Autonomous Drifting using Reinforcement Learning
Project Overview
Hydroplaning refers to a situation which occurs when a layer of water builds between car tires and the road. The tires of the car encounter more water than they can scatter, which results in the loss of traction. This can cause the car to slip or drift, leading to loss of control and many accidents. According to the United States’ Department of Transportation, wet and icy roads are responsible for 19% of all vehicle crashes, and 86% of all weather-related crashes in the United States.
Control algorithms in current self-driving car systems (ABS, ESC etc.) try and mitigate the chances of slipping due to its unpredictable nature. Sufficiently lowering the speed of the car and making turns that are not too tight will mostly prevent slipping, but this does not consider cases where the system must make evasive moves (in which case the speed and turn angle will most likely be sharp) or when a car is already in a slipping state due to the driver’s fault. To ensure that these systems are as robust and safe as possible, it is paramount to study drifting, and eventually deduce how systems can respond quickly to unintentional states.

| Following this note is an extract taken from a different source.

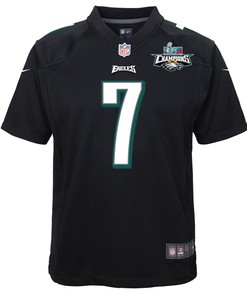 Haason Reddick 7 Philadelphia Eagles Super Bowl LVII Champions 2 Stars Youth Game Jersey - Black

Our project is aimed at studying drifting. To do so, we use Reinforcement Learning (RL), that learns control policies from trial-and-error, much like how humans learn and solve various problems by interacting with the environment. We explored two ways of obtaining a drift controller. One is a model-free approach with deep Q networks, which makes no assumption about the dynamics of the car and does not even attempt to learn it. The other is a model-based policy search with PILCO, which first builds a gaussian process model for the forward dynamics of the car before searching for a policy.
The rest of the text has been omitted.